Rational solutions to $a+b+c=abc=6$

Question

The following appeared in the problems section of the March 2015 issue of the American Mathematical Monthly.

Show that there are infinitely many rational triples $(a, b, c)$ such that $a + b + c = abc = 6$.

For example, here are two solutions $(1,2,3)$ and $(25/21,54/35,49/15)$.

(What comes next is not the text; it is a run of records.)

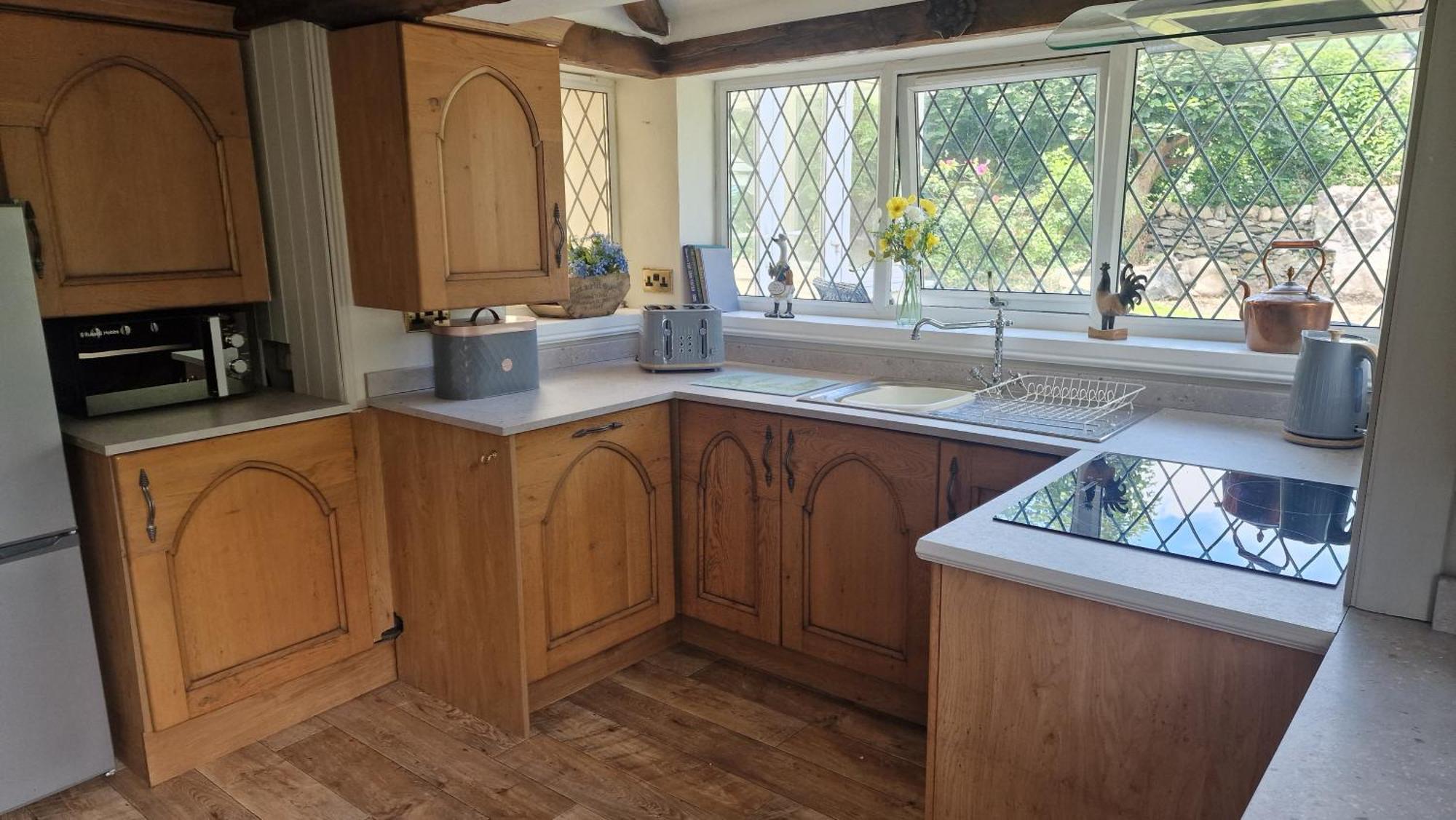 Glyn Isa Country House B&B And Self Catering Apartments Conwy Exteriér fotografie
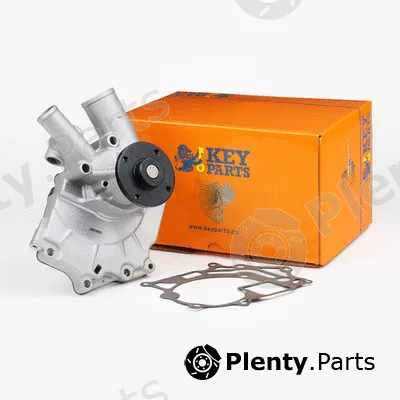 Key Parts KCP1795 — Water Pump, engine cooling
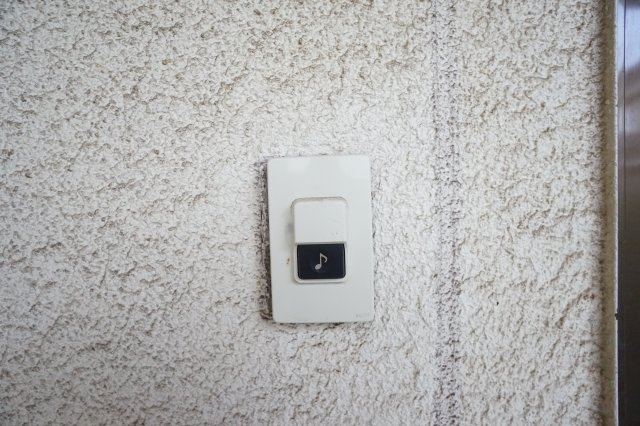 豊岡タウンハウス　D棟のセキュリティ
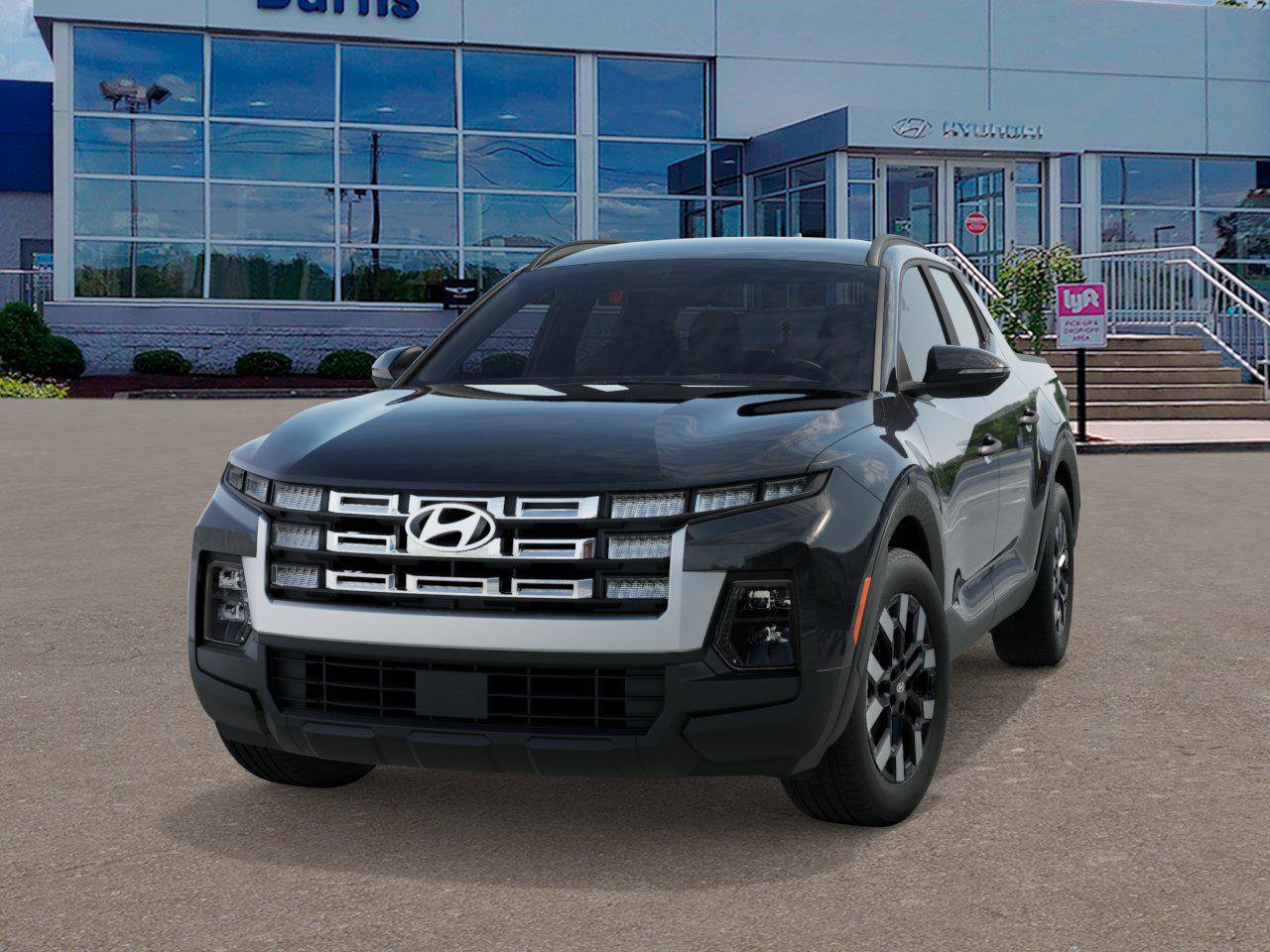 New 2026 Hyundai Santa Cruz SEL AWD/4WD image 6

The deadline for submitting solutions was July 31 2015, so it is now safe to ask: is there a simple solution? One that doesn't involve elliptic curves, for instance?

Answer 1

(Edit at the bottom.) Here is an elementary way (known to Fermat) to find an infinite number of rational points. From $a+b+c = abc = 6$, we need to solve the equation,

$$ab(6-a-b) = 6\tag1$$

Solving $(1)$ as a quadratic in $b$, its discriminant $D$ must be made a square,

$$D := a^4-12a^3+36a^2-24a = z^2$$

Using any non-zero solution $a_0$, do the transformation,

$$a=x+a_0\tag2$$

For this curve, let $a_0=2$, and we get,

$$x^4-4x^3-12x^2+8x+16$$

Assume it to be a square,

$$x^4-4x^3-12x^2+8x+16 = (px^2+qx+r)^2$$

Expand, then collect powers of $x$ to get the form,

$$p_4x^4+p_3x^3+p_2x^2+p_1x+p_0 = 0$$

where the $p_i$ are polynomials in $p,q,r$. Then solve the system of three equations $p_2 = p_1 = p_0 = 0$ using the three unknowns $p,q,r$. One ends up with,

$$105/64x^4+3/8x^3=0$$

Thus, $x =-16/35$ or,

$$a = x+a_0 = -16/35+2 = 54/35$$

and you have a new rational point,

$$a_1 = 54/35 = 6\times 3^{\color{red}2}/35$$

Use this on $(2)$ as $x = y+54/35$ and repeat the procedure. One gets,

$$a_2 = 6\times 4286835^{\color{red}2}/37065988023371$$

Again using this on $(2)$, we eventually have,

$$\small {a_3 = 6\times 11838631447160215184123872719289314446636565357654770746958595}^{\color{red}2} /d\quad$$

where the denominator $d$ is a large integer too tedious to write.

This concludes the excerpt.